As an example, Wadsworth noted that in late 2014 cyber attackers managed to tamper with control mechanisms at a German steel plant, preventing staff members from fully shutting down an industrial-scale furnace, resulting in significant damage.
In another incident in August 2008, a Turkish pipeline caught fire after, US officials said, cyber attackers remotely shut down alarm mechanisms and increased the pressure of crude oil flowing through.
Lockheed Martin is currently working with the UAE authorities from the Centre for Innovations and Security Solutions (CISS) in Masdar City to improve cyber security at oil and industrial facilities in the country.

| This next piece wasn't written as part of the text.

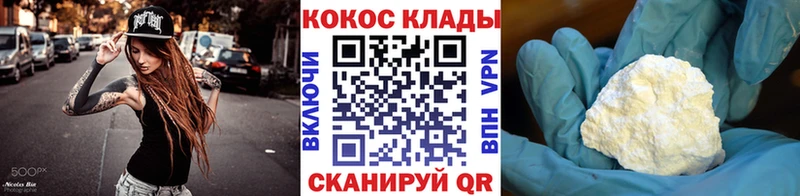 Купить закладки  Клин  Cocaine 99%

“I would say that the UAE, and indeed the region, is probably more aware of the issues and prepared to put money into it than a lot of other countries,” Wadsworth said. “Is there more interest and awareness? Yes, compared to many parts of the world we work in. That alone gives me hope that people are aware of it and want to do something about it.”
Wadsworth warned that the GCC will likely be subject to cyber threats to its oil, gas and industrial facilities in the foreseeable future.“There is such a high dependency on the oil and gas industry here, which just makes it a big juicy target,” he said.
“If you were to shut down some production in the UK, it will have an impact, but it wouldn’t be devastating from an economic point of view, whereas if you could shut down ADGAS or ADCO in the UAE, that’s a huge part of your country’s revenue. That’s a key difference between this region and most others.”